_Source material:_

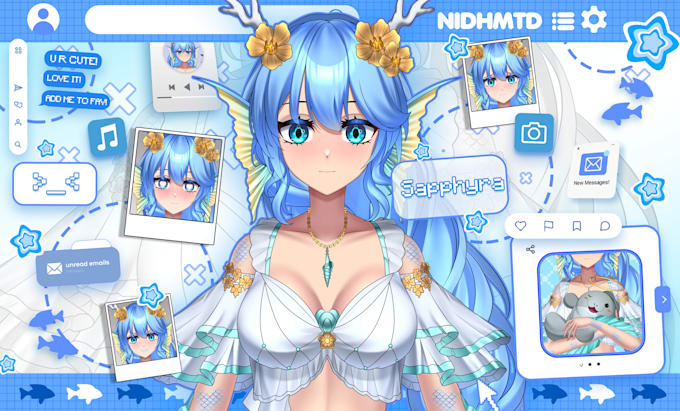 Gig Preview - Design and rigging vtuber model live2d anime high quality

--

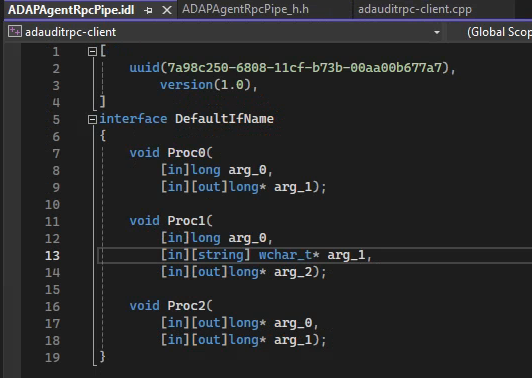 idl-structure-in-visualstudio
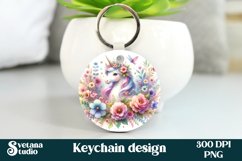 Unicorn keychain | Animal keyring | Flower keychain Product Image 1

_Work instructions:_ Please output, exactly as written, the lines above from the one holding "idl-structure-in-visualstudio" through the one holding "Unicorn keychain |", both included, with the pictures omitted.

_Task answer:_
 idl-structure-in-visualstudio
 Unicorn keychain | Animal keyring | Flower keychain Product Image 1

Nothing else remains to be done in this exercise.